**Task item**: Read through the data and report every line in which the word "front" occurs.

[Dataset excerpts]
◆ ◆ ◆ ◆ ◆ ◆ ◆
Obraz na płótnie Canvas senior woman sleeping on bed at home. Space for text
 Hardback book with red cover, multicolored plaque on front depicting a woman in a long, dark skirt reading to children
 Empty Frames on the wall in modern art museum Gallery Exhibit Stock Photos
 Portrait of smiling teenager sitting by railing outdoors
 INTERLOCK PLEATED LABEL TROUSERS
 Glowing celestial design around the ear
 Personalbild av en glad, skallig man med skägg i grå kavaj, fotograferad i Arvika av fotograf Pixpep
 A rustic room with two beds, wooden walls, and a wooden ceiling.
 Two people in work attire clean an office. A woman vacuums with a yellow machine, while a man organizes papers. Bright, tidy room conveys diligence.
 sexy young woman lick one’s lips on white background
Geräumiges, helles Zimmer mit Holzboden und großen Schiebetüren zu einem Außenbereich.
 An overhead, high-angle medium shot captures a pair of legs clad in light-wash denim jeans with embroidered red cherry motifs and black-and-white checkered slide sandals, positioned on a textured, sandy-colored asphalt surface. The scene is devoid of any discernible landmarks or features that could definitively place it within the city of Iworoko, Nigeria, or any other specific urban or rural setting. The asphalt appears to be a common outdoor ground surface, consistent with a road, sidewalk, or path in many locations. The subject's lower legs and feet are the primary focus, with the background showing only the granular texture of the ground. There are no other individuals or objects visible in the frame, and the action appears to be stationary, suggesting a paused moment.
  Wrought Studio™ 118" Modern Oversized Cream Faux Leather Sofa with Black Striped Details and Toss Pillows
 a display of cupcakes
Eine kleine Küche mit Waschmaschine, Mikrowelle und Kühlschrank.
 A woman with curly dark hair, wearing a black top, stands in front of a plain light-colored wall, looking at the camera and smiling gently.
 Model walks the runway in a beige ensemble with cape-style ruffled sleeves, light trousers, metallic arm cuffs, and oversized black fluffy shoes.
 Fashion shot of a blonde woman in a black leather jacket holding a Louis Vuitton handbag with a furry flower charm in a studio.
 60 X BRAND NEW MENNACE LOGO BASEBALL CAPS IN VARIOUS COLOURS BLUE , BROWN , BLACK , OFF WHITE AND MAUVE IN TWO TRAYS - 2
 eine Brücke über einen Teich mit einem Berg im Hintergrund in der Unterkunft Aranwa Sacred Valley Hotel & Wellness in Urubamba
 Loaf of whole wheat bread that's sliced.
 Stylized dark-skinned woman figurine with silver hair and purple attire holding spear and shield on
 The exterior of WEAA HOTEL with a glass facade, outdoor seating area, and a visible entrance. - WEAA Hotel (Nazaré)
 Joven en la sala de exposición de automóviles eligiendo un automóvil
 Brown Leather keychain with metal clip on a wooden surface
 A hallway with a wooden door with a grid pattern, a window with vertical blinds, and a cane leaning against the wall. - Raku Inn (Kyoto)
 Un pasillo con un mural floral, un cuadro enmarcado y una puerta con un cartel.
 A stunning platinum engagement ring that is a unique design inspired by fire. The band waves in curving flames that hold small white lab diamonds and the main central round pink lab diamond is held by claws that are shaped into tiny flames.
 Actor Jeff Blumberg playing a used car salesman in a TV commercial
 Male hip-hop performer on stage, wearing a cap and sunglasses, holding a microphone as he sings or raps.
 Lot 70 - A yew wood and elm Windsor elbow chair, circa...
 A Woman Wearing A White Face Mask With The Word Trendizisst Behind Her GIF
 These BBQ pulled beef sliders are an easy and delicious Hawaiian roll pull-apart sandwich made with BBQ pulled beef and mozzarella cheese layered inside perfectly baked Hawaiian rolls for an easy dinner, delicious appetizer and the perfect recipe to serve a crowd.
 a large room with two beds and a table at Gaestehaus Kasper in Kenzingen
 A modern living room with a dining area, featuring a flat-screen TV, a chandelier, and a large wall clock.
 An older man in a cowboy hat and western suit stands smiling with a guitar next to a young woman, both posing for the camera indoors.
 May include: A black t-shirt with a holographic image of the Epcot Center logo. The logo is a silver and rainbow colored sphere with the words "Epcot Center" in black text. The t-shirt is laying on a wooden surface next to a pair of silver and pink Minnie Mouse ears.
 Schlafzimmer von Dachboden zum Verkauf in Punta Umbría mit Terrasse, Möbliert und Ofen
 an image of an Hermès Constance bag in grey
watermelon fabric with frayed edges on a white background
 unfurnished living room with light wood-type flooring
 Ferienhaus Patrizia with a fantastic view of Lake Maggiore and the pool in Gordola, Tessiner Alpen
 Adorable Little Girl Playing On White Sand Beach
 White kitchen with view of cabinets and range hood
◆ ◆ ◆ ◆ ◆ ◆ ◆
**Written answer**:
 Hardback book with red cover, multicolored plaque on front depicting a woman in a long, dark skirt reading to children
 A woman with curly dark hair, wearing a black top, stands in front of a plain light-colored wall, looking at the camera and smiling gently.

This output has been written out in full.